Have you ever wished you could be more creative and personable? The kind of person that can invent new things are spark new ideas when they connect with other people. What does it mean to have that entrepreneurial spirit? You’ll find out in the next few paragraphs. And, best of all, you can cultivate those same 13 characteristics. The marketplace is an exciting new frontier for those called to ministry and evangelism…and business.
1. Do you believe it’s OK with God?
The first entrepreneurial test is simply, “have you given yourself permission to go there?” We often place such a premium on service and humility that we prevent ourselves from being entrepreneurial or “Kingly” (the one of the Bible terms for entrepreneur).

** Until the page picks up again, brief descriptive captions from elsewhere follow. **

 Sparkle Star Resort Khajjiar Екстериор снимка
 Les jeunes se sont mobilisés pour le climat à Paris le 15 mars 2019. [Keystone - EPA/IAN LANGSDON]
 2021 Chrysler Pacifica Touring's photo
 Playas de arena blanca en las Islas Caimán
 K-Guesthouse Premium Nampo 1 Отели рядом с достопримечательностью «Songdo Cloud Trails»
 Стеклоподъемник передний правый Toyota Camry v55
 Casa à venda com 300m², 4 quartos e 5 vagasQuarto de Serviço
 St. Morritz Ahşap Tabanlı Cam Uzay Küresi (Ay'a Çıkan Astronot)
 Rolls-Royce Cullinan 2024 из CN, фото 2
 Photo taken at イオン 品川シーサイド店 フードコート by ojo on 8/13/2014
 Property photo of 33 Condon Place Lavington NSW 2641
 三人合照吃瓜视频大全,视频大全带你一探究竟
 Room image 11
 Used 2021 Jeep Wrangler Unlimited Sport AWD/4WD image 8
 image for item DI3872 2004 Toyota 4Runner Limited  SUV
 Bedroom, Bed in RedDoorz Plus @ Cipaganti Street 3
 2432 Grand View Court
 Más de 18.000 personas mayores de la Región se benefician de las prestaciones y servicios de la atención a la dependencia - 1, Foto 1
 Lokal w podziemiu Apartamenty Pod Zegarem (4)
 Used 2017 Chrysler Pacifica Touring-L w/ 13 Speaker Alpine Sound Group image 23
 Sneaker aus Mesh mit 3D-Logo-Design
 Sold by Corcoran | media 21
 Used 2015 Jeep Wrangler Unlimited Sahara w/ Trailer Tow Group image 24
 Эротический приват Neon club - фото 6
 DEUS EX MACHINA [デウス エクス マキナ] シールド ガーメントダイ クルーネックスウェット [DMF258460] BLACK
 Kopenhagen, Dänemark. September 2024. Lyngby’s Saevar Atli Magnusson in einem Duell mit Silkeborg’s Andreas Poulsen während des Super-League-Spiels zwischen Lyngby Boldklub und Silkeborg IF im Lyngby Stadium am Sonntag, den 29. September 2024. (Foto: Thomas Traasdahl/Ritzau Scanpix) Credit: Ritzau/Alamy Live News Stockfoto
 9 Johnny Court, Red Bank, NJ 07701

Kings rule. Kings conquer. Kings establish order. The kingly mindset is greatly different from the stereotype we often carry of “spiritual people.” Instead of quiet, humble, prayerful monks, Kings are typically colorful, bold, creative, and decisive. Kings are competitive about making progress and wealth. They naturally assert themselves to press for God’s initiatives. Where Prophets proclaim God’s direction, Kings take the unction, marshal the willing, and have great works accomplished before you can blink. The whole process can seem quite unholy to Priests.
Modern-day Kings come in several varieties. Although Kings today often focus on business and finance, there are also Kings in the arts, politics, communication, entertainment, and education who carry great influence. But in this chapter (and throughout most of this book), our focus is primarily on business-oriented Kings because they are the most visible in our communities.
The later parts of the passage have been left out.